Monday, March 05, 2012

Cardinals asked hermit to become pope

In 1294, during a crisis in the papacy, Vatican cardinals sent a parchment letter with wax seals to a bedraggled hermit living in the mountains of the Apennines. 

It informed Pietro del Morrone, a bearded holy man in his eighties who lived in rags, that they wanted him to become Pope.

The office had been vacant for more than two years, amid faction-fighting, doctrinal clashes between Dominicans and Franciscans and political machinations.

The letter was delivered to him by four cardinals and two lesser officials.
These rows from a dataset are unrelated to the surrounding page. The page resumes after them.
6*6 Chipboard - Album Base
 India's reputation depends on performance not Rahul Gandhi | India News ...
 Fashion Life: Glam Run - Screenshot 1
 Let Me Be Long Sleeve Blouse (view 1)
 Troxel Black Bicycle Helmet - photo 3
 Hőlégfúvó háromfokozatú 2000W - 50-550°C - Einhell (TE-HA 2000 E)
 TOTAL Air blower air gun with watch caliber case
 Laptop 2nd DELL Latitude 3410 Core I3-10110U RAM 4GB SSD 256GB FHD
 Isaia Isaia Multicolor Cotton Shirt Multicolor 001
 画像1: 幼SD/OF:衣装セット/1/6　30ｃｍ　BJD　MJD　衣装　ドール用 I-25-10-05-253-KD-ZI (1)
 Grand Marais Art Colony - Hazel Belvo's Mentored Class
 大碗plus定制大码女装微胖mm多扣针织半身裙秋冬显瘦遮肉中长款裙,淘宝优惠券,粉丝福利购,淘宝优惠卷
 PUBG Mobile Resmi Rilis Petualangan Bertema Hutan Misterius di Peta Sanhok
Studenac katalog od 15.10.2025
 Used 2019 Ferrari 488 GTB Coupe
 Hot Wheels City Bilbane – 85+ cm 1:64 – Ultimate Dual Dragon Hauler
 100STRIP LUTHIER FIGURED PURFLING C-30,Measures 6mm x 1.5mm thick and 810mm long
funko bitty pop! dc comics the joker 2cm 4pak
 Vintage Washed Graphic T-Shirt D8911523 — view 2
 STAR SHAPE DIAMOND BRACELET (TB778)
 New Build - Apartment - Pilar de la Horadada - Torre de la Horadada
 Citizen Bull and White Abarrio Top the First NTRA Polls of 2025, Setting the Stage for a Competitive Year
It survives today in a remarkably good state of preservation – the elaborate Latin writing in black ink is still clear, and fine details can be made out in the blood-red wax seals.

The hermit was appalled by the appointment. “Who am I to take up such a heavy burden, so much power?” he said. “I cannot save myself, how can I save the whole world?”

Despite deep misgivings, he reluctantly agreed to travel to Perugia, Umbria, where he was crowned Celestine V.

But he hated the role so much that he abdicated after just five months and nine days.

He remains the only Pope in history to step down from the office voluntarily.

Things went from bad to worse for ex-pontiff – he was locked up by his successor, Pope Boniface VIII, and died in 1296.

The holy man's selection as the next Pope was part of murky machinations by Charles II of Anjou to regain Sicily from the Aragonese - for which he needed a compliant pontiff.

It was also influenced by a vision experienced by a powerful Vatican cardinal.

Del Morrone's decision to abdicate was scathingly referred to by Dante in his Inferno, in the lines "I saw and I knew the soul of him, who cowardly made the great refusal."